By Megan Sayles,
AFRO Business Writer,
msayles@afro.com
For some, retirement means freedom— freedom to travel, freedom to spend more time with friends and family, freedom to pursue hobbies and freedom to essentially do anything you didn’t have time for while working. But, without the requisite savings, these freedoms might not be possible.
According to Shelly-Ann Eweka, senior director at TIAA Institute, forty percent of U.S. households risk running short on cash in retirement. The risk is heightened for Black and Brown people, who are less likely to have retirement accounts.
Shelly-Ann Eweka is senior director of research and strategic program initiatives for TIAA Institute, which conducts research on issues connected to financial security. (Photo courtesy of TIAA Institute)

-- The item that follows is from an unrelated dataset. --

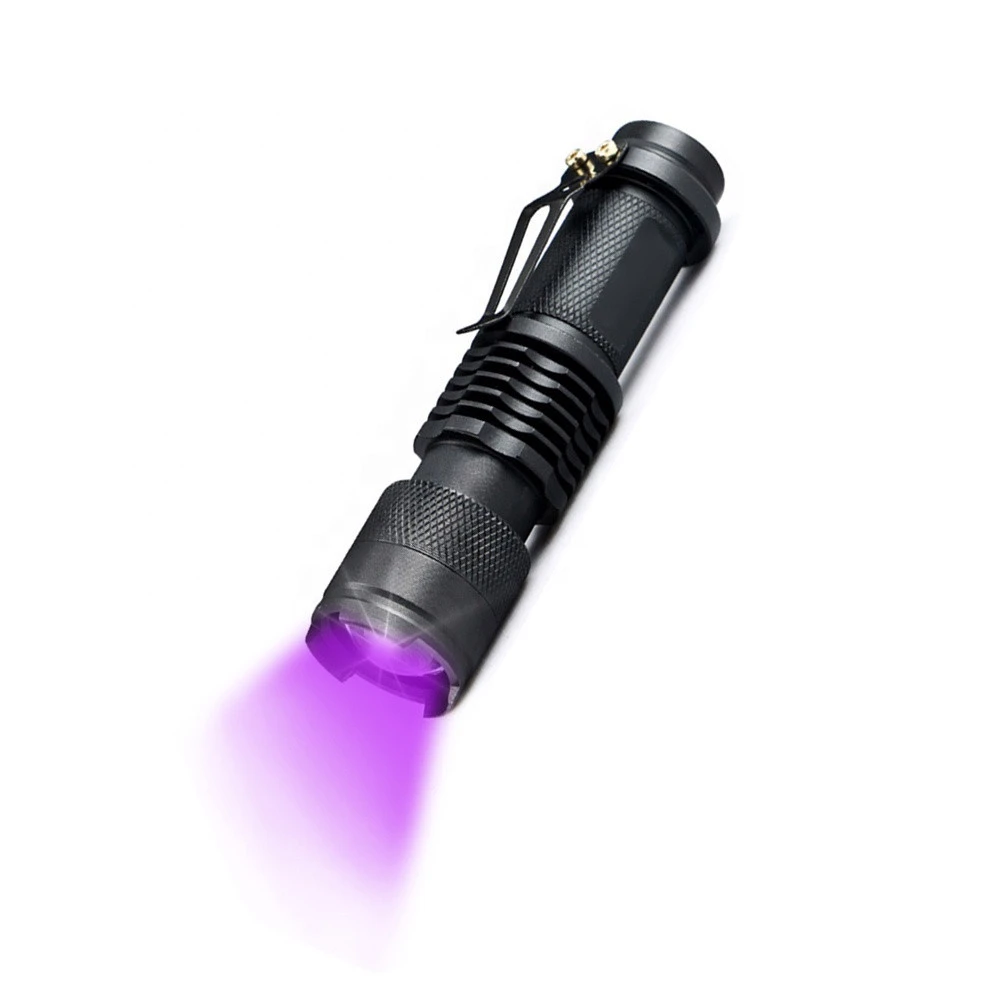 Ultraviolet flashlight Blacklight Scorpion UV Torch Pet Urine Detector 14500 Battery LED lanterna Black Light UV 395 flashlight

“You do see a significant difference between different races and ethnicities,” said Eweka. “About half of Hispanics and Blacks have retirement accounts, 52 percent for Hispanics and 49 percent for Blacks. That’s compared to 76 percent for Whites and 71 percent for Asian Americans/Pacific Islanders.”
There are also gaps between genders. Sixty-four percent of women have retirement accounts compared to 70 percent of men. For Black and Brown women, that number is 48 percent and 45 percent respectively.
Eweka said a number of factors contribute to these disparities.
“Many Black Americans face great challenges from the moment they graduate from college,” said Eweka. “Student loans impact our cash flow, which then means we have less to save toward retirement.”
According to the Education Data Initiative, Black borrowers owe $25,000 more than White borrowers for undergraduate degrees on average. Forty-eight percent of Black borrowers also owe more than they initially borrowed four years after graduation compared to 17 percent of White borrowers.
Salary gaps are also a contributor to the deficits.
“Women roughly earn about 85 cents for every dollar earned by men. For Black women, it’s 63 cents, and for Hispanic women, it’s 53 cents,” said Eweka. “Women, if they can afford it, are also much more likely to take time off of work to care for their children or elderly parents, which can also impact their savings and salary and promotion opportunities.”
As life expectancy rises in the U.S., retirement plans become even more critical. Joy Stephens, D.C. market director at J.P. Morgan Wealth Management, said people should start saving for retirement as soon as possible.
Joy Stephens serves as the D.C. market manager for J.P. Morgan Wealth Management. (Photo courtesy of J.P. Morgan Wealth Management)
“When it comes to investing for retirement, the sooner the better. The amount of time you are invested is one of the most important factors in growing your wealth,” said Stephens. “I like to say it’s about time in the market, not timing the market.”
Two common retirement plans are Roth IRAs and IRAs. The accounts differ based on how they are taxed. Investments in Roth IRAs are made with after-tax dollars, meaning they grow tax-free and withdrawals in retirement are also tax-free after age 59.5. IRA contributions grow tax-deferred and then they’re taxed when money is withdrawn after age 59.5.
Certain workplaces also offer employer-sponsored plans, like 401(k) and 403(b) plans.
“Many employers match a portion of their employees’ workplace retirement plan contributions. If your company offers a retirement plan with a match, consider taking advantage of this,” said Stephens. “If you can, contribute at least the maximum amount that your employer will match. You don’t want to leave any money on the table.”
According to Stephens, one of the biggest obstacles to investing in retirement is thinking that it requires a lot of money to get started. This, along with believing retirement is in the distant future, is a misconception.
Contributions to retirement accounts vary between people and are dependent on their current financial situation. However, consistency is key, according to Stephens. Whether big or small investments, it’s important to make them regularly.
“Consider contributing as much as you can to your retirement accounts. If you can increase your contribution rate automatically every year that might be a good idea,” said Stephens. “It can be easier to contribute more when the increases occur automatically.”
When forming a retirement plan, Stephens encouraged people to think about the lifestyle they want to live when they retire, where they’d like to live and what their expenses will look like. This can help them set goals to personalize their plan.
It can also be helpful to employ the help of a financial advisor.
“For some people, working with an advisor can be beneficial. An advisor can sit down with you to outline your goals and help you create a customized plan to work toward them,” said Stephens. “You should check in on your plan with your advisor on a regular basis to see how you’re tracking toward your goals and to adjust your strategy when your life or priorities change.”
Megan Sayles is a Report for America corps member.